Senate Set to Vote on Gun Violence Bills Tonight | Sojourners

Senate Set to Vote on Gun Violence Bills Tonight

Image via Eric B. Walker / flickr.com

The Senate is set to begin voting on four gun control bills this evening, due largely to Sen. Chris Murphy’s (D-Conn.) filibuster that started last Wednesday afternoon and carried into the early morning the next day.

After one of the worst mass shootings in U.S. history, Murphy said he’d had enough.

“This isn’t new to me, but I’m at my wit’s end,” he said, in likely reference both to the recent slaughter in Orlando as well as to the Sandy Hook massacre that occurred in his home state in 2012, leaving 26 dead, most of them 6- and 7-year-olds.

“I’ve had enough of the ongoing slaughter of innocents, and I’ve had enough of inaction in this body.”

In protest of the Senate’s inaction, he took the floor for nearly 15 hours, joined by a handful of other Democratic senators, saying that he would stop talking only once he received some sign that gun violence legislation would come to the floor of the Republican-led Senate for a vote.

Murphy got his wish, and tonight, the Senate is scheduled to vote on four related bills.

Two of the proposals deal with background checks for gun sales.
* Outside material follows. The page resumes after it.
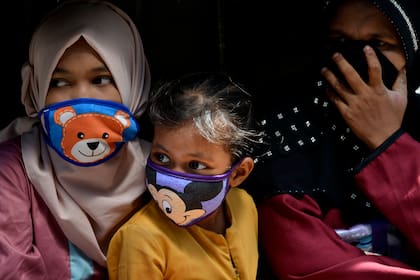 Mujeres y niñas utilizan un barbijo en Indonesia en plena pandemia de coronavirus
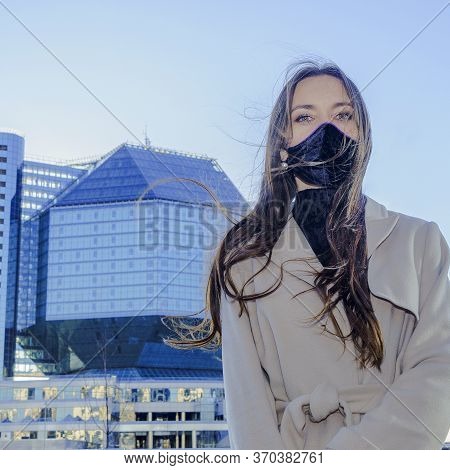 Portrait Of Brunette Woman In A Protective Medical Mask On A Cityscape Background. Virus Protection.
The Republican plan is aimed at updating and streamlining the National Instant Criminal Background Checks System, while the Democratic counter-plan would require background checks for all gun sales, closing the so-called “gun show loophole.”

The other two bills, highly relevant in the wake of the Orlando massacre, address gun sales to people who are on the terrorist watch list. The Democratic plan would block suspected terrorists from purchasing guns, an approach President Obama endorsed during a taping at PBS NewsHour on June 2.

Republicans, however, have expressed worries that blocking people from exercising their Second Amendment right without due process would be unconstitutional, a sentiment Sen. Ben Sasse (R-Neb.) raised in question form to Murphy during his filibuster. The Republican counter-proposal would thus only block a gun sale to a suspected terrorist if a judge found probable cause, a barrier Democrats have said requires too high a burden of proof.

Because of procedural rules in the Senate, any bill would need 60 votes to advance, a highly unlikely scenario given the divisive character of debates on gun legislation and the fact that this being an election year, compromise appears improbable. Versions of all four of the bills have at some point already been brought to a vote in the Senate, and all failed to pass.

Despite the likely lack of progress on updating U.S. gun laws, a full 89 percent of Americans support closing the gun show loophole, including 84 percent of households that own guns, according to Quinnipiac University poll results released in December.

That same poll showed that a majority of Americans supported an outright ban on assault weapons (58 percent).

Omar Mateen, the perpetrator of the Orlando massacre, legally purchased both of the guns that he used, despite being suspected of terrorist ties beginning in 2013.